I try to find a new way to wander across the rolling hills of scrub and pine and stretches of grass, each time the dogs and I go walking; and so every day, I get to see familiar things in a different sort of way. 

Sometimes this leads to new treasures like old, sun-bleached bones for my growing bone collection, a newly dug den with earth so freshly excavated it’s still moist and brown; or an ancient juniper at the top of a ridge, rounded like a giant, perfect mushroom cap, where generations of cattle resting and rubbing in its shade, helped give it its flat-bottomed, fairyland shape.

But mostly, it’s not knowing where the dogs and I are going, except out. 

To explore this small patch of hilly land near our home where Mingus Mountain rises behind Chino Valley to the east, Table Top Mesa and Granite Mountain command the views to the south and scattered homes along long, dirt roads in the near distance remind us we’re never alone.

As does the jackrabbit springing from shrub to shrub, with its skyscraper ears that quickly disappear; or a flock of quails lifting noisily from an impenetrable cluster of apache plume in near perpetual bloom at the side of the wash.

Which, like my path, is always changing. 

Crumbling.

Reshaping.

Exposing many tunnels dug feet below the surface (which look like sunken eyes, sunk deep in deep, dark sockets); and hardened roots of Pinyon pines clutch eroding walls, refusing to fall, to succumb to the changes. Clinging green on so few of its branches.

Yet clinging.

And fruiting and feeding the creatures who live here. Here in the washes and brushes and hollowed out trees. In the boulders and burrows and fields, where me and the dogs keep wandering, because every day it keeps changing.

Each bloom, each moon, each orbital click.

While the dogs keep on sniffing and sniffing and sniffing, and finding their own unique way, which these days is through a grassy stretch of fleeting monsoon green that tickles my knees and their noses. 
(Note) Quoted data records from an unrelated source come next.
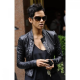 New Women's Black Biker Halle Berry Leather Jacket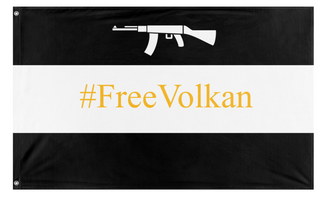 A mockup of the custom flag 'Free  flag' on a white background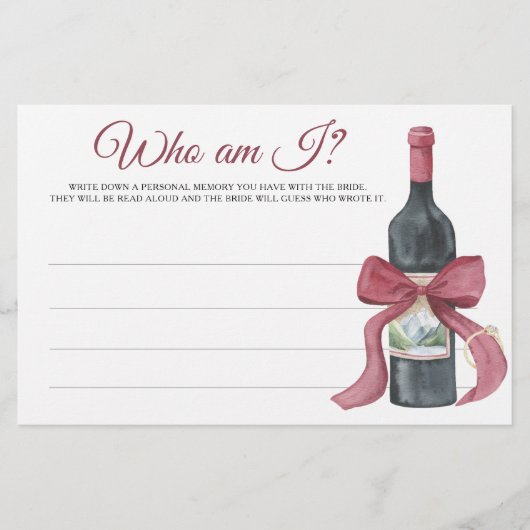 Wine & Bow Bridal shower Who am I game 便箋 (正面)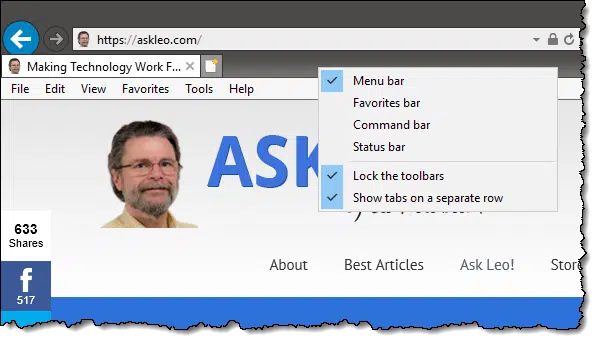 The toolbar menu pop-up with the Menu bar checked.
Past Prickly Pears with their thorny pads, crowned with green, pink and purple fruit, growing darker and bigger and bolder and sweeter. Across the patch where the air is fair and the land is electric with tiny, winged voices that buzz here and there. Humming strange, chatty words in my ear. While modest patches of yellow, white, orange and purple wildflowers barely boast that they’re there. 

But they are. 

Bringing color and grace to a rough, rugged place, where mettle must rule every moment. Where you need to be swift like the pronghorn and strong like the mule deer - built wide and low - whose tracks I’ve tracked across a still-damp wash to the bottom of a vertical embankment, where I looked up the 10 ft. wall and saw a single hoof print - half-way up.

And wondered whether danger prompted such a vault, or was it simple daring because it could be simply done? Like the rattlesnake, who with a shake, might let you know they’re near. But then again, it all depends on whether you’re his next meal.

We surprised a small, skinny coyote looking for hers the other day, when we appeared from the wash and the scrub about thirty feet from where she was rising from a small ravine. She saw us first and was trying to make a quiet retreat into the Pinyon and Juniper up ahead, when I spotted her out of the corner of my eye. 

Holding tight to the leashes, I stopped and turned and greeted the startled creature who, instead of fleeing, paused as well. As the dogs strained their leads, I smiled at the brazen thing who just stood there staring, Then, suggesting it best the four of us part company, turned from our chance meeting. 

The scraggly coyote followed, moving in a similar direction, stopping one final time between a gap in the growth, to stare at our constrained trio before her shabby, honey-colored hide slunk over the next ridge and disappeared.

And the dogs and I, ignoring my instinct to go home, turned left instead.